WHAT IS EXPECTED |
Beneath this instruction is a listing; print exactly the lines in it starting at the line that contains "Soft Peach Coastal" and going through the line that contains "Haldi Decoration Ideas".

DATASET RECORDS |
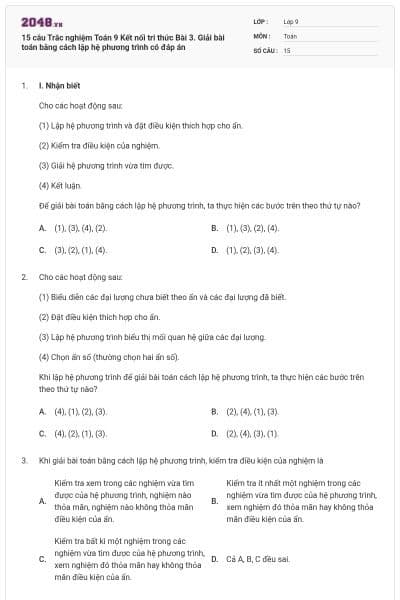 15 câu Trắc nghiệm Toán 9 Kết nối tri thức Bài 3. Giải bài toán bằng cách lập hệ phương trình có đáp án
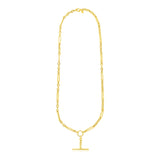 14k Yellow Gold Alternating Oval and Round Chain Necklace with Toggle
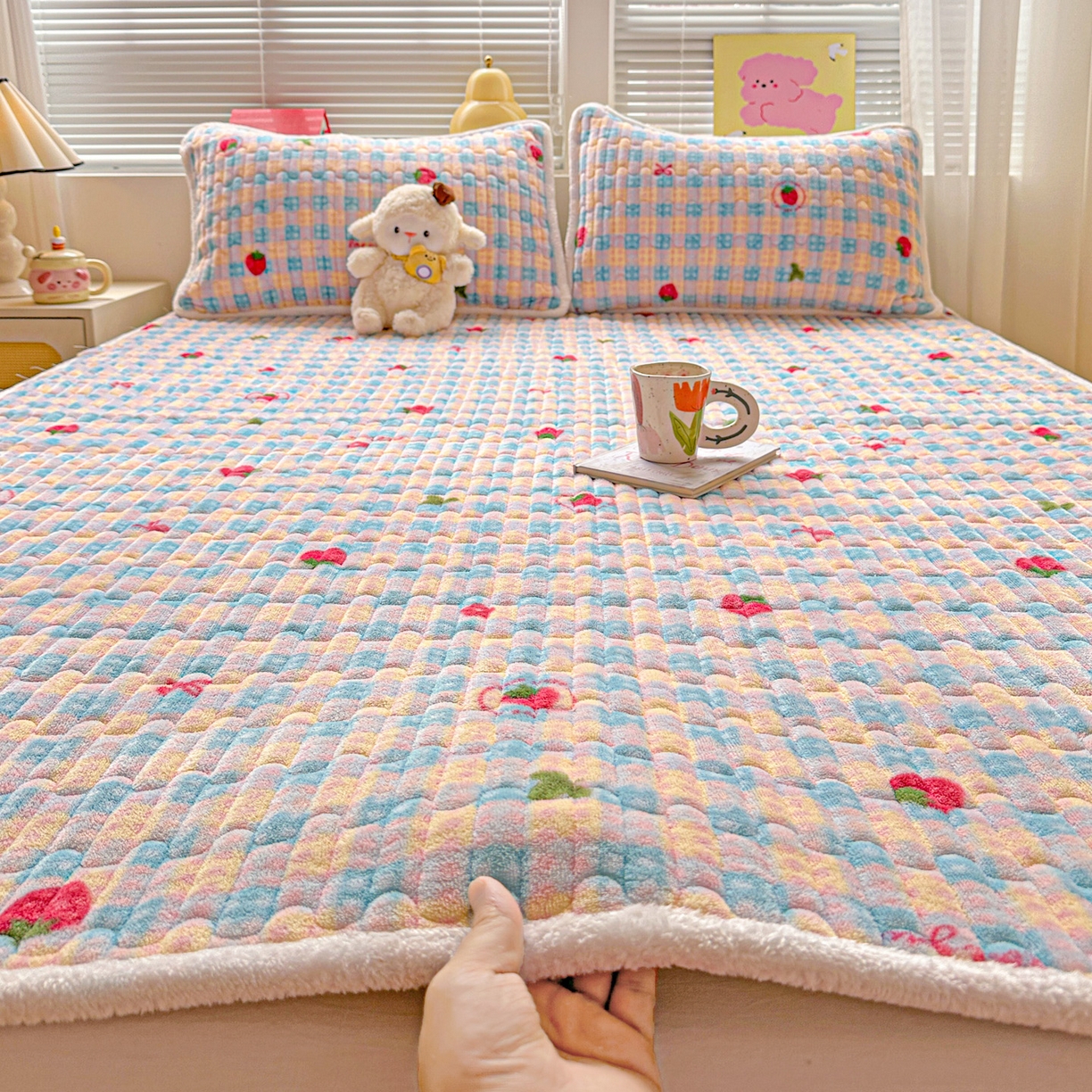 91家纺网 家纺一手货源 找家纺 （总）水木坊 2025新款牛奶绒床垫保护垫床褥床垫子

---

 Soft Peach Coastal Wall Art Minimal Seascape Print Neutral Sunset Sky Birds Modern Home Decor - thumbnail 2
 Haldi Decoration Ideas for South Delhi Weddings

RESULT OF THIS TASK |
 Soft Peach Coastal Wall Art Minimal Seascape Print Neutral Sunset Sky Birds Modern Home Decor - thumbnail 2
 Haldi Decoration Ideas for South Delhi Weddings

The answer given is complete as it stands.